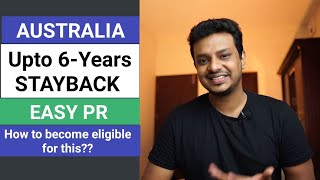 Easy PR and additional Stayback upto 6 years in Australia. How ??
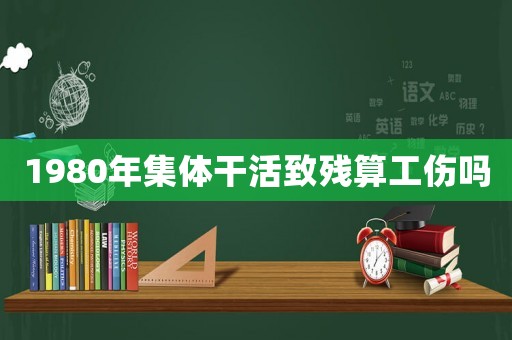 1980年集體干活致殘算工傷嗎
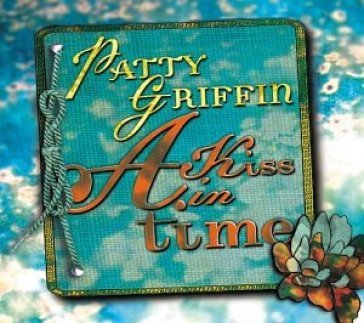 Kiss in time - Patty Griffin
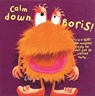 Calm Down Boris - Sam Lloyd - 9781840114478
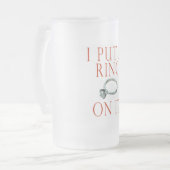 Ik zet een Ring op het Groom Verloving Matglas Bierpul (Voorkant links)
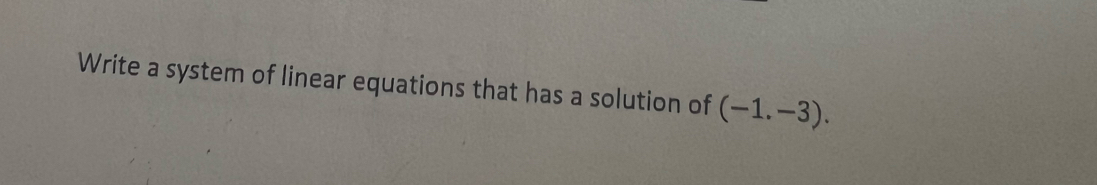 Write a system of linear equations that has a solution of (-1.-3).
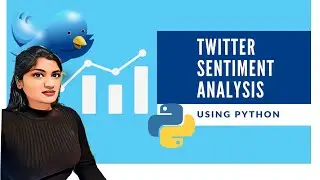 Twitter Sentiment Analysis Natural Language Processing With Python | How to do Sentiment Analysis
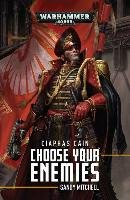 Ciaphas Cain: Choose Your Enemies Mitchell Sandy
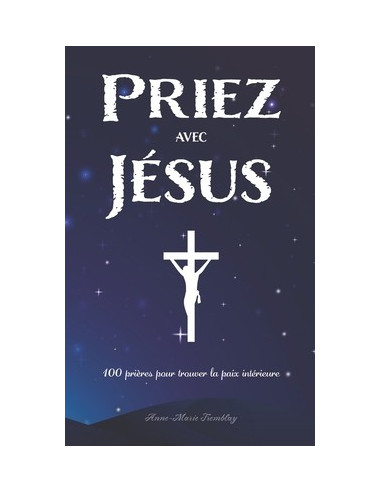 Bete mit Jesus: 100 Gebete, um inneren Frieden zu finden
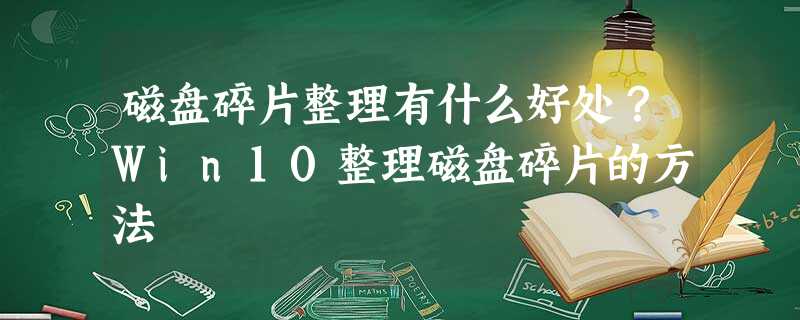 磁盘碎片整理有什么好处?Win10整理磁盘碎片的方法 磁盘碎片整理有什么好处?Win10整理磁盘碎片的方法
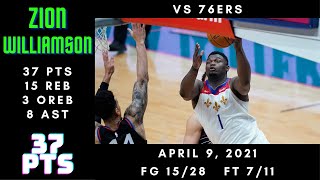 Zion Williamson 37 PTS, 15 REB, 3 OREB, 8 AST - 76ers vs Pelicans - April 9, 2021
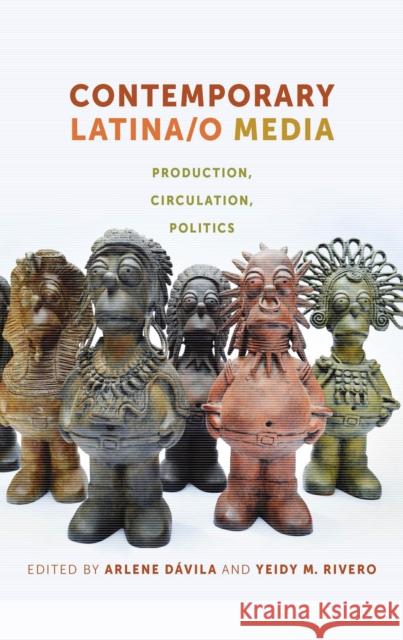 Contemporary Latina/O Media: Production, Circulation, Politics Arlene Davila Yeidy M. Rivero 9781479828913 New York University Press - książka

WHAT YOU ARE ASKED TO DO:
Omit pictures and output the listing exactly.

ANSWER SECTION:
 Easy PR and additional Stayback upto 6 years in Australia. How ??
 1980年集體干活致殘算工傷嗎
 Kiss in time - Patty Griffin
 Calm Down Boris - Sam Lloyd - 9781840114478
 Ik zet een Ring op het Groom Verloving Matglas Bierpul (Voorkant links)
 Write a system of linear equations that has a solution of (-1.-3).
 Twitter Sentiment Analysis Natural Language Processing With Python | How to do Sentiment Analysis
 Ciaphas Cain: Choose Your Enemies Mitchell Sandy
 Bete mit Jesus: 100 Gebete, um inneren Frieden zu finden
 磁盘碎片整理有什么好处?Win10整理磁盘碎片的方法 磁盘碎片整理有什么好处?Win10整理磁盘碎片的方法
 Zion Williamson 37 PTS, 15 REB, 3 OREB, 8 AST - 76ers vs Pelicans - April 9, 2021
 Contemporary Latina/O Media: Production, Circulation, Politics Arlene Davila Yeidy M. Rivero 9781479828913 New York University Press - książka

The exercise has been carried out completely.